Consensus decision-making has a rich history dating back to early Native American societies, as well as the Quaker tradition. The consensus process has also been used within political movements, nonprofit organizations, intentional communities, and worker cooperatives. Recently, consensus decision-making is being embraced by government entities and corporations, such as Mitsubishi, Levi Strauss & Co., and Starbucks.
Work teams become more engaged and committed to implementation when they have the opportunity to create their own goals, projects, or action plans. Creating consensus generally requires a common purpose, an understanding of consensus and a skilled facilitator.
Definition of consensus decision-making
Consensus is a cooperative process in which all group members develop and agree to support a decision in the best interest of the whole. In consensus, the input of every participant is carefully considered and there is a good faith effort to address all legitimate concerns. (Dressler, 2006)

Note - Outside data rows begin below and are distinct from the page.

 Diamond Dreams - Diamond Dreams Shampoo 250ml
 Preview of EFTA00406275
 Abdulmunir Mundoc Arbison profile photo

Arietta and Wallace (2000) define consensus as "a journey and a destination." As a process, consensus is the means by which groups can productively resolve issues, make choices or develop strategies. As a product, consensus represents a resolution—a decision that satisfies all participants.
Consensus as a process
Often referred to as "consensus building," the process is a journey of preparing participants to make a decision. Discussion is needed to identify issues, clarify questions, establish decision-making criteria and address all concerns.
The goal is to create an understanding of the issues and then share the perspectives of all involved. Using a trained facilitator to plan the process and lead conversations to get to a decision is important.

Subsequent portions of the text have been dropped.